I love Christmas. I’m sure I’m not alone when I say it’s my favorite time of year. I love the excitement, the beauty, and especially the meaning….but it IS a lot of work.
The reason I did not write a blog last week is that I was busy decorating for Christmas. You see, I must have about 2o tubs of Christmas decorations. I have stuff for the inside and stuff for the outside and although it takes a long time and my poor arthritic joints are crying the blues, I enjoy every minute of decorating. However, now it’s a bit more challenging to get all that decorating done and it takes twice as long as it used to do.

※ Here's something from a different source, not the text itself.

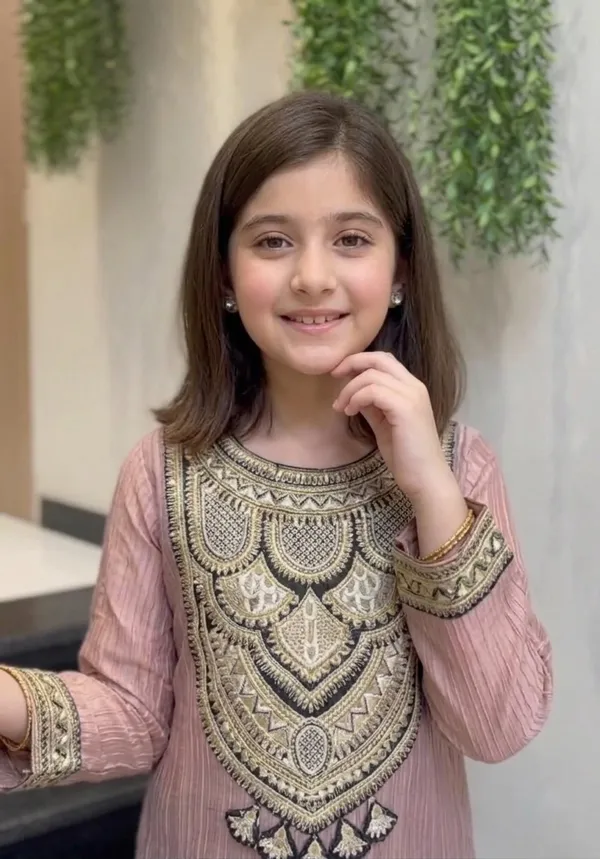 Kids_Wear_girls_oonion_crunchy_fabric_Attarctive_3_Pis_primium_embrodery_work_kurti_set_with_duptta______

Once upon a time, I used to get all my decorating done the day after Thanksgiving. I would start early in the morning and keep at it till it was all done. Now, I always have the first three hours of any day devoted to Lynn’s morning routine of hygiene, toileting, and exercise. Then he rests in bed for 30-60 minutes depending on how restless his legs become. During that time I eat breakfast and start cooking whatever is in low supply for his diet. Then I get him up, connect him to his peddler, work to get him comfortable, and head back to the kitchen to finish cooking. Shortly after this he’s ready to eat breakfast. All and all I usually start being able to decorate about 2-3:00 p.m.
Though he really does try not to bother me too often, on average I get a “call” from him every 45 minutes to an hour. When I answer the call, I’m usually involved with him from 15-20 minutes depending on what he can think to ask me to do. (He stores up his requests so that he won’t bother me as often).
On advantage to decorating now is that once Lynn goes to his room after his morning exercise, he does not venture out again till the next day. Therefore, I can spread out whatever I’m using as much as I need to do. I don’t have to worry about him running over debris with his wheelchair or moving things to where I can’t find them. All decisions related to how or what I decorate are totally mine. His participation is very limited.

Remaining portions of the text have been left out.